Here's the funny thing about the Grammy for traditional pop singing: The category name changes – it's happened three times since the award's inception in 1992 – but the winner, not so much. Tony Bennett, who left his heart in San Francisco, hoards the statuettes in Los Angeles. Ten years out of the category's 20, he's walked off with the honours – nine times for his baby, presumably, and one more for the road.
"God bless him," Paul Anka told The Globe and Mail recently, about Bennett. "He's been doing the same thing for 50 years – same goddamn songs, same trio. He doesn't have to change a damn thing, because everybody keeps discovering him."
The conventional wisdom is that you can't stop Bennett; you can only hope to contain him. On Sunday, it's his Duets II album that's up for best traditional pop vocal album (formerly best traditional pop vocal performance and, before that, best traditional pop performance).
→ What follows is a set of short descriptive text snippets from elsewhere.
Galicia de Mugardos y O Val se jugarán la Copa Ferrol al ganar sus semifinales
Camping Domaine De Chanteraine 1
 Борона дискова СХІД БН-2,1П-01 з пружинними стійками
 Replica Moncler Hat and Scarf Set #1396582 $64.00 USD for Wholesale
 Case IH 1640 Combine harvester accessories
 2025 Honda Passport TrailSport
When it comes to traditional-song packaging, Bennett is like Forrest Gump's shrimp-obsessed army buddy, who knew every which way to cook those things. Bennett has won for: a salute to Frank Sinatra; a Fred Astaire tribute; an MTV unplugged performance; a Billie Holiday homage; a Duke Ellington disc; a blues-duet collection; a collaboration with k.d. lang; an LP of romantic fare; another duets disc; and one celebration of female singers that beat out, ironically, albums by Rosemary Clooney, Natalie Cole, Liza Minnelli and Bernadette Peters.
Talk about your ladies singing the blues.
This year, some crooners and chanteuses are taking a different strategy: Michael Bublé (a three-time winner) and Natalie Cole (two times a victor) both appear on Bennett's Duets II. If you can't beat him, join him.